Oh! I am planning on starting a blog, and I’ve been writing and thinking about making the website for it. I think it’ll be a good way for me to  escape from reality and at the same time improve my writing skills. I don’t really do that well in my poetry class and when we write papers, the professor always has to meet with me! So I just want to make a blog to help people…I don’t want to tell you what it’s about directly because I don’t even really know myself yet, but I know that it’s going to be something about helping other people.

Is it going to be poetry related at all?

So this is my idea. I was thinking about calling it “Transitions” and it’s going to be about people’s transitions, like my transition into adulthood, or my younger brother going into middle school, or older people transitioning into, I don’t know, menopause or something like that. So what I want to do is leave it open-ended where people can come in and write what they want to write anonymously and then I can post their stories. It would kind of be like Humans of New York or Humans of William & Mary, but it’s not as formal and it wouldn’t have pictures.

What do you think is hard about making transitions in life?

I feel like transitions are hard because…is it okay if I talk about my plans to transfer schools?

Yeah, sure, you can talk about anything you want!

Well, here at William & Mary I like it okay, but I didn’t think about going to a liberal arts school when I’m interested in science, and so I don’t feel like there’s the right kind of opportunities for me here. Since I’m transferring, I feel like I’m giving up on myself in a way. In all reality though, I’m not really giving up on myself, I’m just going after more opportunities that are available at a different school. So this was my inspiration for starting a blog about transitions, because I feel like when people are in college, it’s hard because there are a lot of expectations from your friends and family.

Do you think that the transition to a new school will be easier or more difficult than the transition was from high school to William & Mary?

I’ll probably end up transferring to ODU (Old Dominion University), and that school is a lot more diverse, which is what I was looking for in a school all along.
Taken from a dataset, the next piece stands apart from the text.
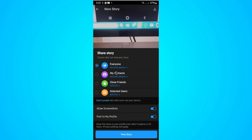Here you can choose to share the story with everyone, your contacts, close friends, or selected users. You can also allow or disable screenshots — if you disable this, people won't be allowed to take a screenshot of your story.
So in that sense, I feel like it will be easier. But in another sense, I’m really afraid of it because I’m going to be starting over again. It’s going to be my second year of college, and I was finally adjusting to William & Mary and starting to like it. I just decided that the classes that I was taking just weren’t interesting me, and since it was hard for me to change my major and take different classes here, I had to decide to transfer to a different school. I think that transferring in itself will be the hardest part – starting over and having to meet new people. I was just now adjusting to William & Mary, and starting to say “I wanna do this next year” and “I want to do this when I’m a senior” so now I feel like I’m just starting over and having to make new plans.

What’s one thing that you appreciate about William & Mary or one thing that you’ll miss about the school?

I’ll definitely miss the scenery. One of the main things that drew me to this school is how small it is, and how it’s right next to Colonial Williamsburg. The school that I’m transferring to isn’t like the way it is here. It’s bigger and it’s in downtown Norfolk, and so there’s a lot more things that are going to be going on around it. So I’ve definitely appreciated William & Mary and the opportunities that it has given me, even being here for such a short amount of time. Being here has definitely opened my mind a lot more too.

When I was in high school, I went to a predominantly black school and the area that I live in at home is predominantly black. So coming here was a culture shock for me. I was so used to diverse communities and experiencing what it has to offer. It was definitely something that I had to adjust to. I had to accept that not every place is going to be the same and that even if I don’t like something in the beginning, it can come to fruition in the end.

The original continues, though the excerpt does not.